Long Shot I Know Maths Related Question

[Simpson]

Got food posioning feel like total shit haven't slept for 3 days straight so if someone could point me in the right direction id be really pleased, I think ive got 75/85 of the marks done anyway but I'd prefer to nail the CW than rely on being able to do it in a Test.

Basically a simple linear programme with my found constraints,

a = argentina, profit 7, labour 11, capacity 15, material 6

b= Bath, profit 9, labour 7, Capacity 10, Material 6

Labour cost < 100

material <= 120

z = 7a +9b (optimal)

Solve using

11a + 7b <100 (Labour)

a + b <= 20 (Materials)

a <= 15 (capacity)

b<= 10 (capacity)

Solved graphically and using the simplex method to get z = 1200/11 a=30/11 b=10

Now for the question

Calc. the RANGE of profit per item made in Bath for which the optimal basis found in the simplex method remains optimal.
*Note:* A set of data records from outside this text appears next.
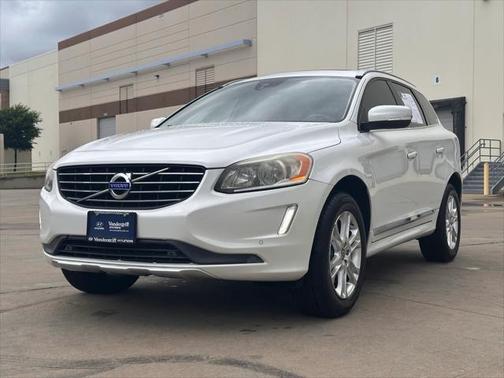 2015 Volvo XC60 T5 Platinum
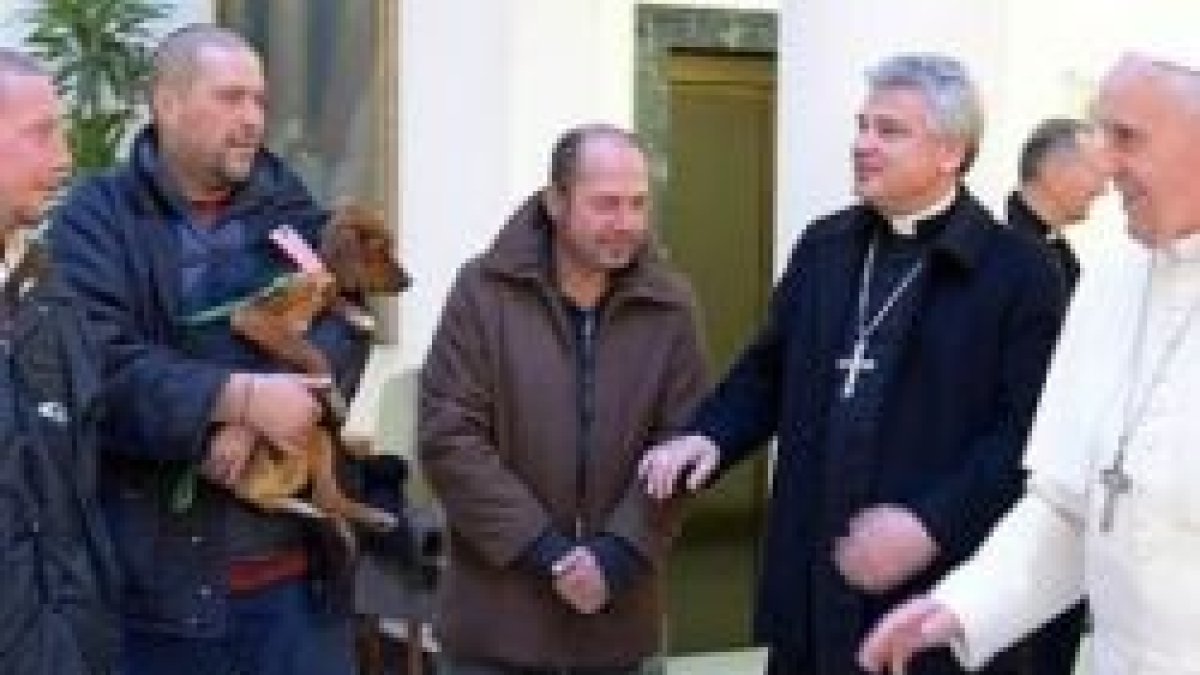 Krajewski, el limosnero papal, presenta al Papa Francisco a unos sin techo con los que colabora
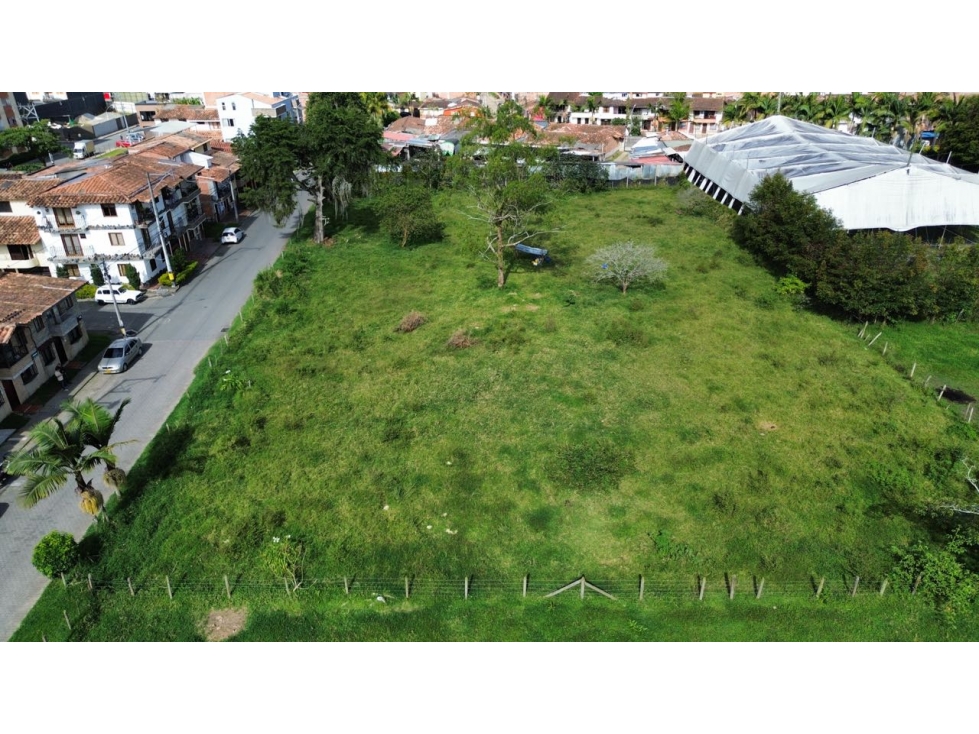 SE VENDE LOTE URBANO EN LA CEJA SE PUEDE CONSTRUIR 64 APARTAMENTOYPARQ — foto 2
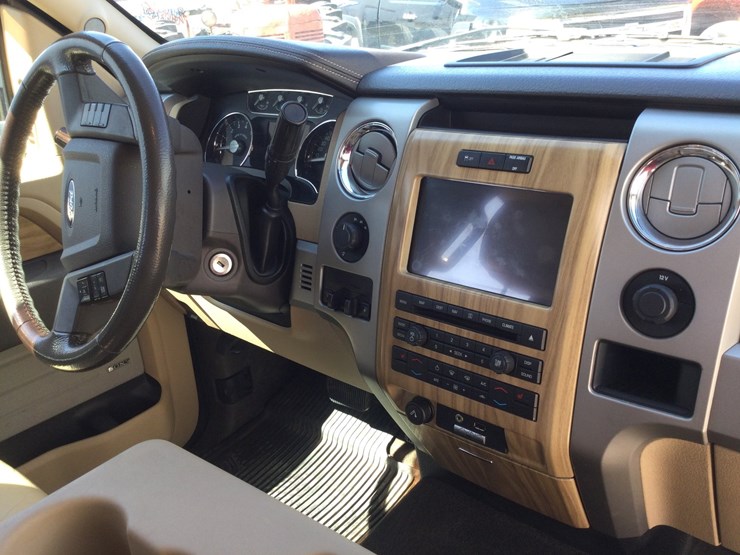 2011-ford-f150-lariat-image-9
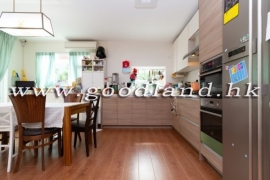 SAI KUNG Detached Village House For Sale | Peaceful Location, Garden &amp; Equipped Kitchen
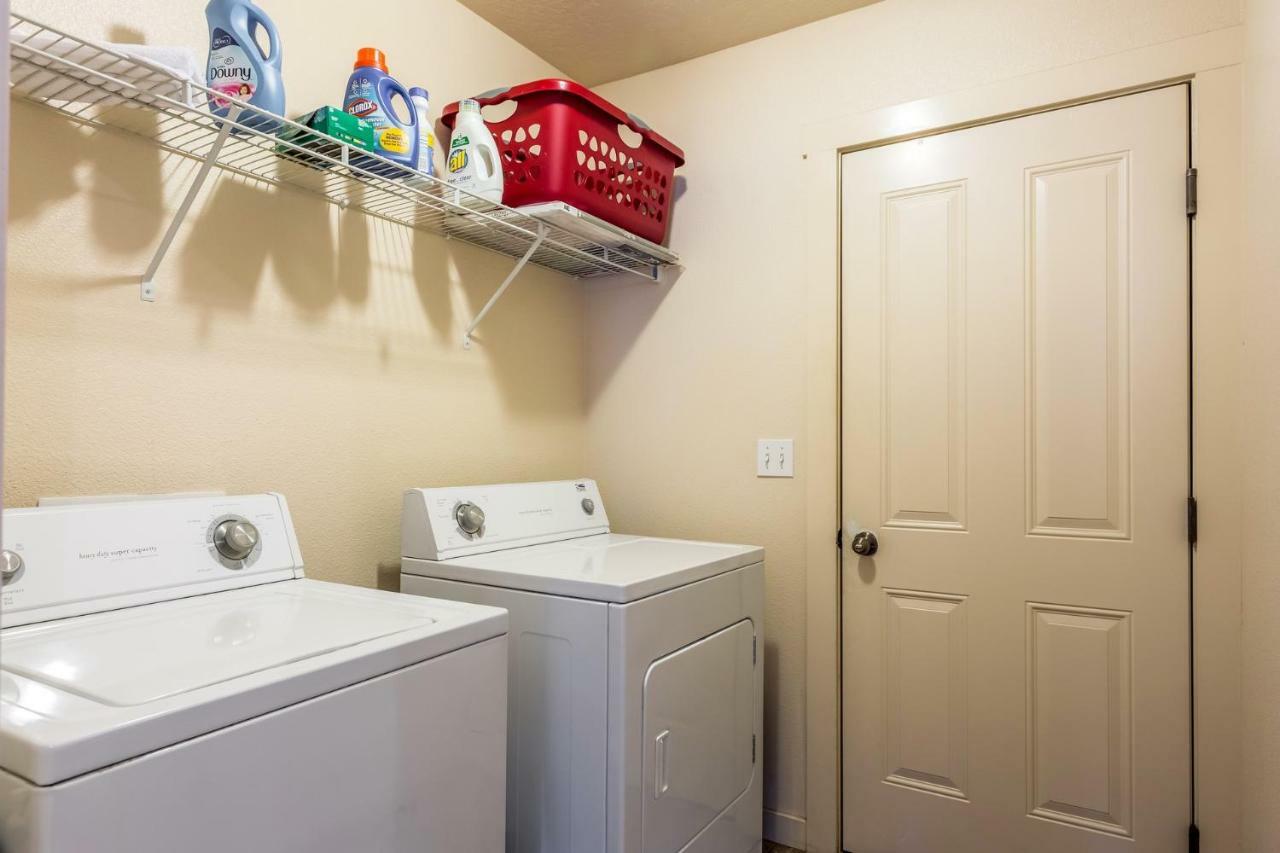 Gray Cloud Townhomes メリディアン エクステリア 写真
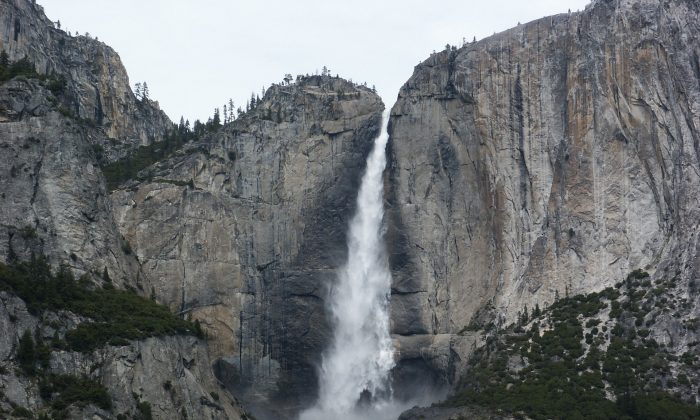 Bridalveil Fall, Yosemite National Park, California. (Pixabay)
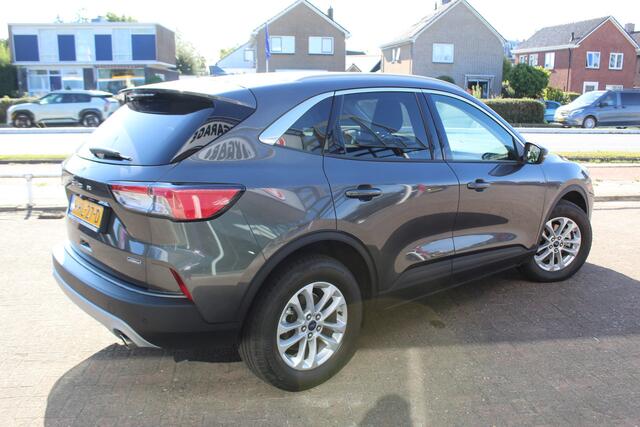 Ford KUGA 2.5-225pk PHEV Titanium X Plug-In Hybrid. Fabr. garantie t/m 07-04-2028 ! Slechts 10.000km ! Autm. airco dual, stoel-, stuur- en voorraamverw., LED verl., B&O soundsyst., metallic lak, cruise control, camera, LM wielen, elektr. achterklep en best. stoel e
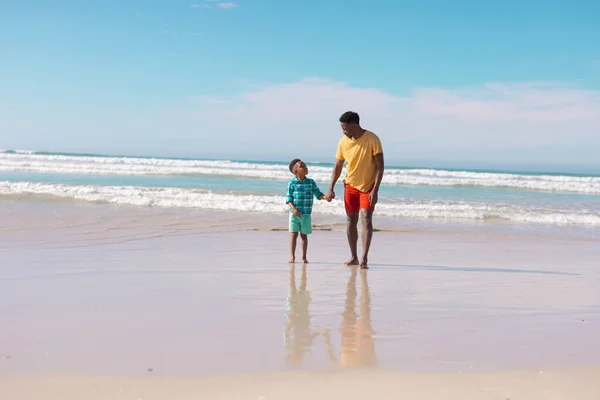 Pełna Długość Afrykańskiego Chłopca Trzymającego Młodego Ojca Ręce Chodzącego Plaży — Zdjęcie stockowe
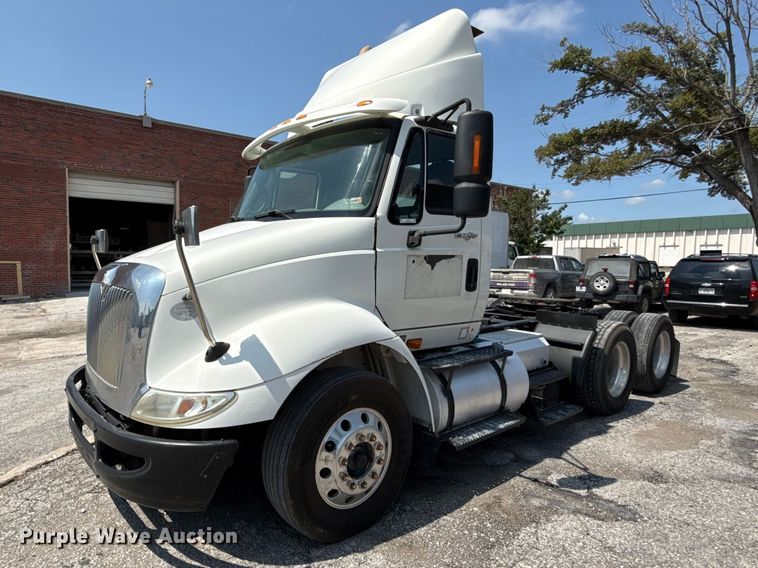 2009 International TranStar 8600 semi truck - EX2213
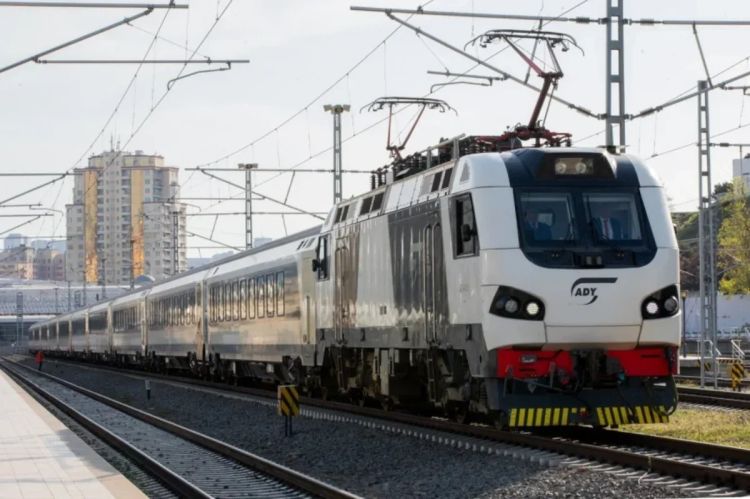 Azərbaycan Dəmir Yolları: Bakı-Tbilisi-Bakı qatarlarında sərnişin tutumu 120 faizədək artırılıb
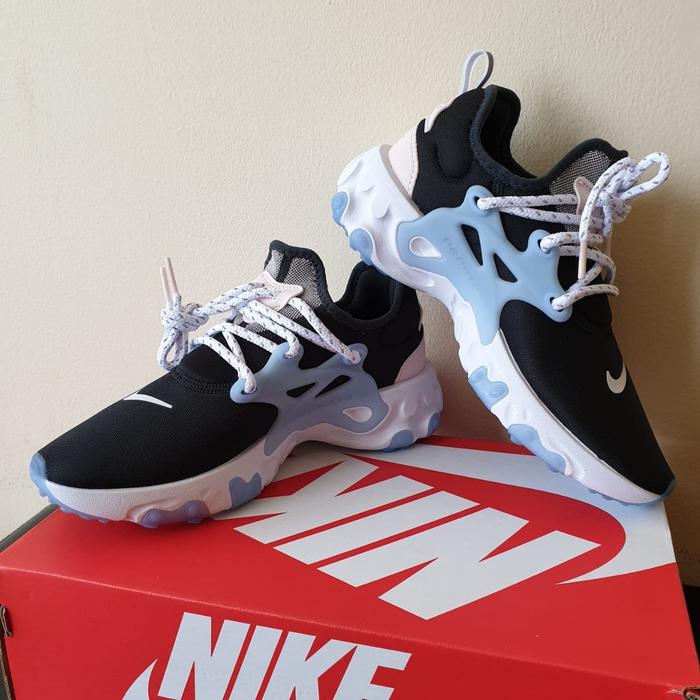 black nike presto react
Is it to do with slack variables or..... I dunno! Something else? Im totally lost.

No useless replys, spanks

Edited December 5, 2010 by Simpson

[Simpson]

]

[JT!]

I would do this by comparing the gradient of z {(7, P), where P is the Bath Profit} with the tangent vectors to the constraints pointing at the optimum point: (1,0) from b≤10 and (-7,11) from 11a+7b≤100. So long as the gradient forms less than a right angle with these tangent vectors, it is pointing into the same corner as before:

(1,0) • (7,P) > 0 and (-7,11) • (7,P) > 0.

I'm too lazy to look up "slack variables" (the above in disguise?), but the above method works so long as as everything is linear. However, for more than 2 dimensions, those tangent vectors are the vectors along the 1-dimensional edges between vertices: intersections of several constraints.